Fig. 2: Best RL and RL-like models.
From: Hybrid neural–cognitive models reveal how memory shapes human reward learning

a–c, Model architectures. Best RL (a) is the best handcrafted model based on Q-learning, identified using extensive model comparison (Supplementary Results and Supplementary Table 2). It contains a standard Q-value update (left oval) with decay of unchosen action values (left oval, dotted recurrent arrows for Q(¬a)), as well as a reward-agnostic choice perseveration mechanism (right oval). The outputs of both computations are combined additively to sample the next choice. RL-ANN (b) has the same architecture as Best RL, consisting of a reward module that computes Q-values (left oval) and an action module that computes a perseveration kernel (right oval). However, RL-ANN uses ANNs to allow each module to perform any update rule, making it a generalization of linear update models that encompasses Best RL as a special case. Vanilla RNN (c) is a standard RNN and the most flexible model. It provides an upper bound in terms of behavioural prediction. d, Model fits. Predictive accuracy was derived from the loss of each fitted model to held-out participants not seen during training (see ‘Model training’ in Methods). Best RL and RL-ANN predicted human choices significantly worse than Vanilla RNN, with no significant difference between them, according to two-sided t-tests (see the main text for statistics).

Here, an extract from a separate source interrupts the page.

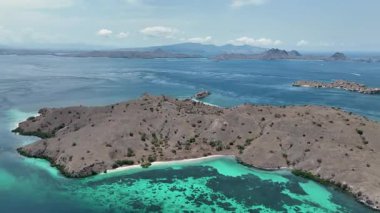 Canlı mercan desenleri Komodo 'nun altındaki turkuaz sığlıkları boyarken, dağılmış adalar ve uzak uyanışlar etraftaki gizli dalış noktalarını işaret ediyor..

The data are presented as mean values over held-out blocks (n = 413) plus/minus s.e.m. e,f, Reward processing. In classic Q-learning as modelled by Best RL (e), updated values Qt+1(at) increase monotonically both in the observed reward rt and in the previous value Qt(at) (colour), with strictly linear relationships (for model details and equations, see ‘Model architectures’ in Methods). After fitting to human behaviour, RL-ANN (f) acquired a qualitatively similar update rule with monotonically increasing and near-linear relationships. For ease of visualization, we averaged sampled values Qt(at) (colour) within quantile groups to obtain discrete lines.